[Brief descriptive captions]

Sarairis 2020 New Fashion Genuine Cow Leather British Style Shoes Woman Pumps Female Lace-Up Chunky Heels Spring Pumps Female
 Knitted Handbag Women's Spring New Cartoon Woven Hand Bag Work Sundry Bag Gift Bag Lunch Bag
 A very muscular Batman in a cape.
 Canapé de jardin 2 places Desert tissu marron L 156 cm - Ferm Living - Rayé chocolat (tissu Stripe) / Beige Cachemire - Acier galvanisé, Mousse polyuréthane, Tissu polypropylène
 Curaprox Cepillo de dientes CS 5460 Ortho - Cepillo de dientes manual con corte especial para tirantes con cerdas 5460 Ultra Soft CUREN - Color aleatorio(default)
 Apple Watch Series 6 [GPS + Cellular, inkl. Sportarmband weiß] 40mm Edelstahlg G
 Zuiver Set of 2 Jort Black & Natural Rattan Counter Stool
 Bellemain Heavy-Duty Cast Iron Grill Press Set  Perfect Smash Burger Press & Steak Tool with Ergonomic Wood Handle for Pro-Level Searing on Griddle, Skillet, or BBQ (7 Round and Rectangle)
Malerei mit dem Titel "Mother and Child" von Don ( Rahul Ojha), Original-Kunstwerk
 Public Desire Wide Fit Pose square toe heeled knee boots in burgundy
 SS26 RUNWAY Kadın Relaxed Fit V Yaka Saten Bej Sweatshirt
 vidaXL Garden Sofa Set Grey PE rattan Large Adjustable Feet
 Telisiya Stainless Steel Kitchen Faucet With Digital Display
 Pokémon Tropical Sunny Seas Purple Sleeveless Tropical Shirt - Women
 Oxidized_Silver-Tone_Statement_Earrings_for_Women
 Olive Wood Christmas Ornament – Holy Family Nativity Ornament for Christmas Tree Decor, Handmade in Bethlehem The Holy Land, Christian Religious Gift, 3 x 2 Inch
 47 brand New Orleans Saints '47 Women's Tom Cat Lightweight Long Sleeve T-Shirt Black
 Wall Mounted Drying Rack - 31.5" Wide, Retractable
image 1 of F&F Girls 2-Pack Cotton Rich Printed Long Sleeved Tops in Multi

#### Problem description:
Only a word-for-word repetition of the lines from the one containing "Pokémon Tropical Sunny" to the final line of the data above counts as the answer.

#### Answer to this exercise:
 Pokémon Tropical Sunny Seas Purple Sleeveless Tropical Shirt - Women
 Oxidized_Silver-Tone_Statement_Earrings_for_Women
 Olive Wood Christmas Ornament – Holy Family Nativity Ornament for Christmas Tree Decor, Handmade in Bethlehem The Holy Land, Christian Religious Gift, 3 x 2 Inch
 47 brand New Orleans Saints '47 Women's Tom Cat Lightweight Long Sleeve T-Shirt Black
 Wall Mounted Drying Rack - 31.5" Wide, Retractable
image 1 of F&F Girls 2-Pack Cotton Rich Printed Long Sleeved Tops in Multi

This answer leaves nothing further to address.